▶ _Work to be completed_
Below are the records; repeat them in full, exactly.

▶ _Given entries_

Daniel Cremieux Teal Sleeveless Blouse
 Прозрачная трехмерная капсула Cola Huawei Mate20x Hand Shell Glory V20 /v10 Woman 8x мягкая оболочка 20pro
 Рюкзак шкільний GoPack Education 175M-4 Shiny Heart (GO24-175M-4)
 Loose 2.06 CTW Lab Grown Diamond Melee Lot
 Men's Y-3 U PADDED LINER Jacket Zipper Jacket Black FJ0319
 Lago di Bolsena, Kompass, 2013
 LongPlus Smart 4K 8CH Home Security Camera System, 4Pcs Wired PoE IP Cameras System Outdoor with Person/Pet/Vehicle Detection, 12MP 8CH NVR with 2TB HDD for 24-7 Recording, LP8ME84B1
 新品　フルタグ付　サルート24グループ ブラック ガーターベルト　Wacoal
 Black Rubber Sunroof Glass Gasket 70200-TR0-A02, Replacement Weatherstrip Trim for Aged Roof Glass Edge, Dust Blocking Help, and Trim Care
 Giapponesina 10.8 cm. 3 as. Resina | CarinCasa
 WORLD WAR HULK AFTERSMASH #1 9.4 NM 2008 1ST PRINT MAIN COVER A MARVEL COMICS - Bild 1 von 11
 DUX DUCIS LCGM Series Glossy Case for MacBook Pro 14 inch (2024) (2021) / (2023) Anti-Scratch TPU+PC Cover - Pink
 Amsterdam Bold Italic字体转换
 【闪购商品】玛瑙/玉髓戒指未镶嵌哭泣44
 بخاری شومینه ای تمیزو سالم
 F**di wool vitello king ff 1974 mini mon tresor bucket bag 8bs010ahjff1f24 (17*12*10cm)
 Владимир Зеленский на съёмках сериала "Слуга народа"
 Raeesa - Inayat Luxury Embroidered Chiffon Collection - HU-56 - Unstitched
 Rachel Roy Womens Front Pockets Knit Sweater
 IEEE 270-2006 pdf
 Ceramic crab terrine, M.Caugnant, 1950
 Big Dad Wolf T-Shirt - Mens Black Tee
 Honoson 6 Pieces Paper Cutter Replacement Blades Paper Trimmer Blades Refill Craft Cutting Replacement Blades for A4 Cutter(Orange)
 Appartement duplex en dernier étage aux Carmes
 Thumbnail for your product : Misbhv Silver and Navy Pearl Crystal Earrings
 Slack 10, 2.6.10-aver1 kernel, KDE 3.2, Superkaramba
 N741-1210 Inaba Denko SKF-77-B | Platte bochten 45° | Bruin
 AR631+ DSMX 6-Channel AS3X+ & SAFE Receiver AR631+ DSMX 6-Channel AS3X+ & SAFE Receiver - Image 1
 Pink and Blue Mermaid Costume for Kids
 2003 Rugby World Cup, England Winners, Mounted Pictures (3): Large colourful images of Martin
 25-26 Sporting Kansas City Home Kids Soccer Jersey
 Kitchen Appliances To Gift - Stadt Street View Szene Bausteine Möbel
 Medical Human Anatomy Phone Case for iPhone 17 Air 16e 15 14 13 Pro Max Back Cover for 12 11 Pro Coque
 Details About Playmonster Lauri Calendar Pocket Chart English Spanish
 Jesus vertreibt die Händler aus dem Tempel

▶ _Your solution_
Daniel Cremieux Teal Sleeveless Blouse
 Прозрачная трехмерная капсула Cola Huawei Mate20x Hand Shell Glory V20 /v10 Woman 8x мягкая оболочка 20pro
 Рюкзак шкільний GoPack Education 175M-4 Shiny Heart (GO24-175M-4)
 Loose 2.06 CTW Lab Grown Diamond Melee Lot
 Men's Y-3 U PADDED LINER Jacket Zipper Jacket Black FJ0319
 Lago di Bolsena, Kompass, 2013
 LongPlus Smart 4K 8CH Home Security Camera System, 4Pcs Wired PoE IP Cameras System Outdoor with Person/Pet/Vehicle Detection, 12MP 8CH NVR with 2TB HDD for 24-7 Recording, LP8ME84B1
 新品　フルタグ付　サルート24グループ ブラック ガーターベルト　Wacoal
 Black Rubber Sunroof Glass Gasket 70200-TR0-A02, Replacement Weatherstrip Trim for Aged Roof Glass Edge, Dust Blocking Help, and Trim Care
 Giapponesina 10.8 cm. 3 as. Resina | CarinCasa
 WORLD WAR HULK AFTERSMASH #1 9.4 NM 2008 1ST PRINT MAIN COVER A MARVEL COMICS - Bild 1 von 11
 DUX DUCIS LCGM Series Glossy Case for MacBook Pro 14 inch (2024) (2021) / (2023) Anti-Scratch TPU+PC Cover - Pink
 Amsterdam Bold Italic字体转换
 【闪购商品】玛瑙/玉髓戒指未镶嵌哭泣44
 بخاری شومینه ای تمیزو سالم
 F**di wool vitello king ff 1974 mini mon tresor bucket bag 8bs010ahjff1f24 (17*12*10cm)
 Владимир Зеленский на съёмках сериала "Слуга народа"
 Raeesa - Inayat Luxury Embroidered Chiffon Collection - HU-56 - Unstitched
 Rachel Roy Womens Front Pockets Knit Sweater
 IEEE 270-2006 pdf
 Ceramic crab terrine, M.Caugnant, 1950
 Big Dad Wolf T-Shirt - Mens Black Tee
 Honoson 6 Pieces Paper Cutter Replacement Blades Paper Trimmer Blades Refill Craft Cutting Replacement Blades for A4 Cutter(Orange)
 Appartement duplex en dernier étage aux Carmes
 Thumbnail for your product : Misbhv Silver and Navy Pearl Crystal Earrings
 Slack 10, 2.6.10-aver1 kernel, KDE 3.2, Superkaramba
 N741-1210 Inaba Denko SKF-77-B | Platte bochten 45° | Bruin
 AR631+ DSMX 6-Channel AS3X+ & SAFE Receiver AR631+ DSMX 6-Channel AS3X+ & SAFE Receiver - Image 1
 Pink and Blue Mermaid Costume for Kids
 2003 Rugby World Cup, England Winners, Mounted Pictures (3): Large colourful images of Martin
 25-26 Sporting Kansas City Home Kids Soccer Jersey
 Kitchen Appliances To Gift - Stadt Street View Szene Bausteine Möbel
 Medical Human Anatomy Phone Case for iPhone 17 Air 16e 15 14 13 Pro Max Back Cover for 12 11 Pro Coque
 Details About Playmonster Lauri Calendar Pocket Chart English Spanish
 Jesus vertreibt die Händler aus dem Tempel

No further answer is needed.